Stored data entries:

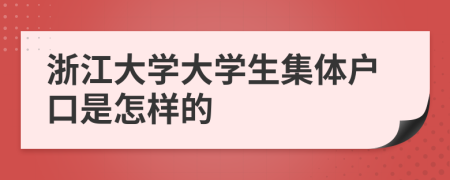 浙江大學(xué)大學(xué)生集體戶口是怎樣的
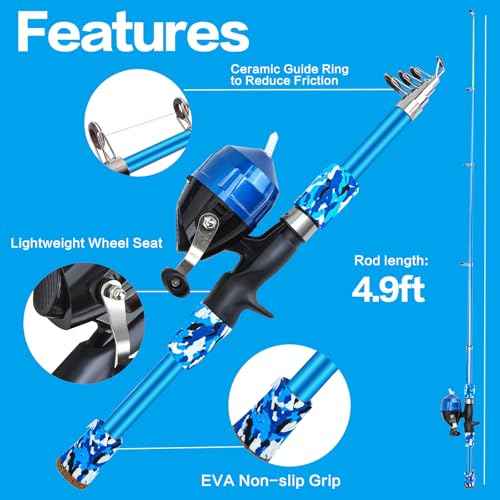 Collapsible Telescopic Fishing Rod and Reel Combo Push Button Small Fishing Pole Kit Beginner Youth Girls Fishing Starter Set Tackle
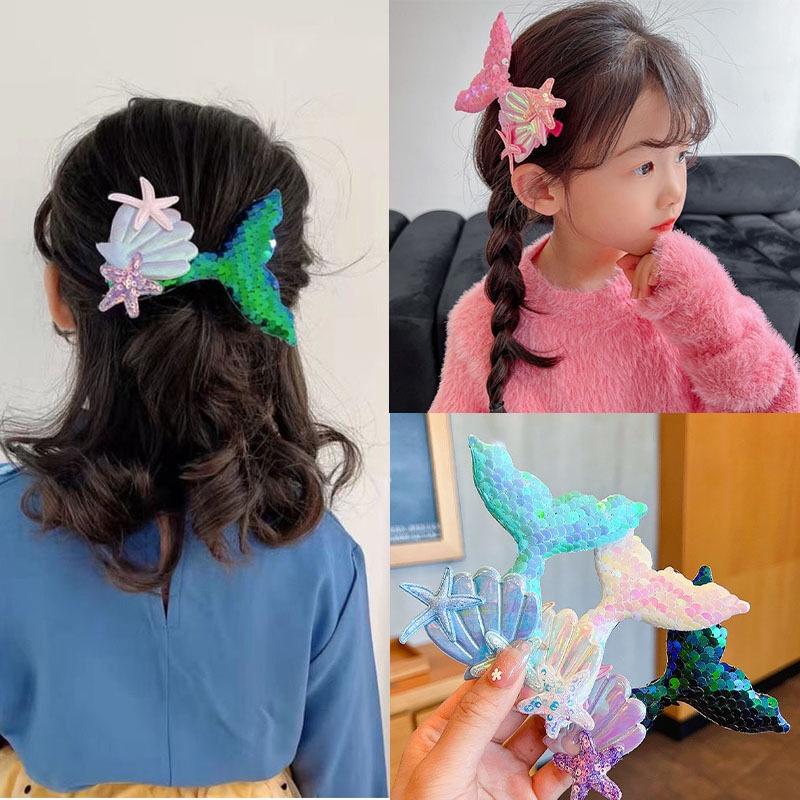 Kẹp Tóc Trẻ Em Nàng Tiên Cá Sequin Kẹp Bên Phong Cách Hàn Quốc Kẹp Mỏ Vịt Ngọt Ngào Kẹp Tóc Thời Trang Cho Bé Gái Cho Trẻ Em Phụ Kiện Tóc 7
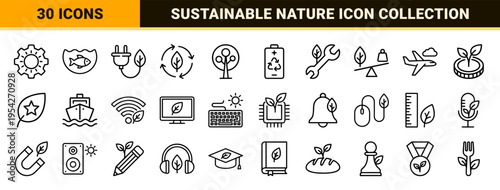 Circular Economy and Environmental Sustainability Ultra-Minimalist Monoline Outline Icons for Green Energy, Eco-Friendly Tech, and Nature Conservation.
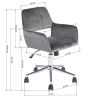 Velvet Adjustable Swivel Office Chair, GREY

Problem:
Find the line with "Collapsible Telescopic Fishing" in the entries above. Set down exactly every line from it up to and including the line with "Circular Economy and", images excluded.

Task response:
 Collapsible Telescopic Fishing Rod and Reel Combo Push Button Small Fishing Pole Kit Beginner Youth Girls Fishing Starter Set Tackle
 Kẹp Tóc Trẻ Em Nàng Tiên Cá Sequin Kẹp Bên Phong Cách Hàn Quốc Kẹp Mỏ Vịt Ngọt Ngào Kẹp Tóc Thời Trang Cho Bé Gái Cho Trẻ Em Phụ Kiện Tóc 7
 Circular Economy and Environmental Sustainability Ultra-Minimalist Monoline Outline Icons for Green Energy, Eco-Friendly Tech, and Nature Conservation.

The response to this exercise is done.